■ What to produce
The lines from the one with "POSTAL L03764: Salou. Puerto" through the last line of the material below, copied exactly and free of pictures, make up the whole answer.

:: Given material ::

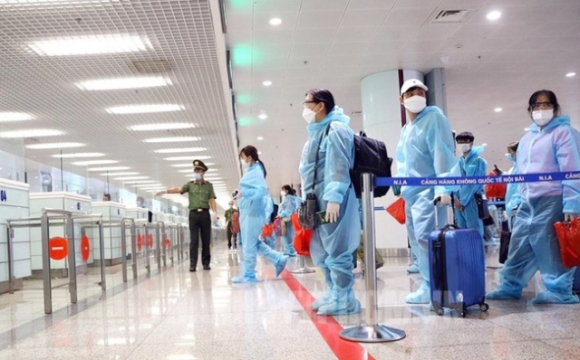 1 Tao Dieu Kien Nhap Canh Doi Voi Nguoi Nuoc Ngoai Nguoi Viet Nam Cung Than Nhan Ve Nuoc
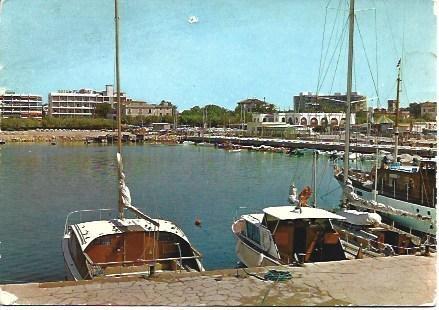 POSTAL L03764: Salou. Puerto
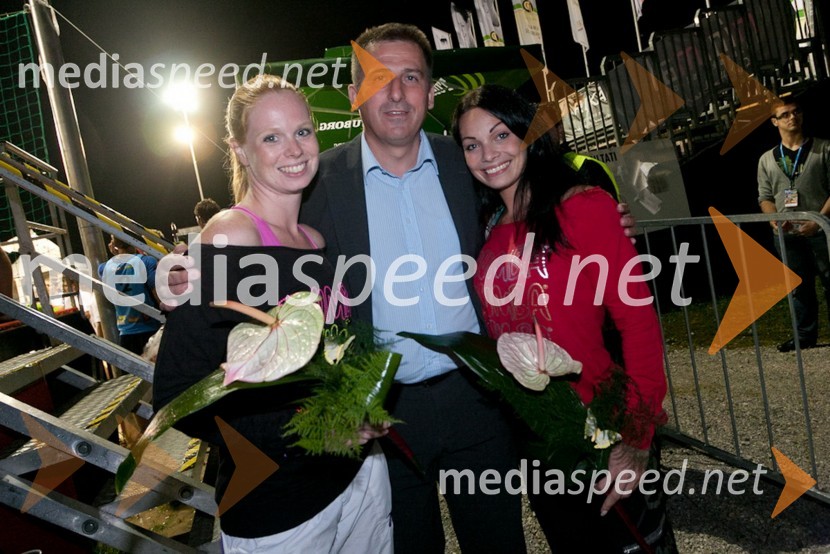 Jelena Izlakar, ..., Viktorija Manzinni, Playboyevo dekle 2011BeachMaster 2011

:::

■ Solution to this task
 POSTAL L03764: Salou. Puerto
 Jelena Izlakar, ..., Viktorija Manzinni, Playboyevo dekle 2011BeachMaster 2011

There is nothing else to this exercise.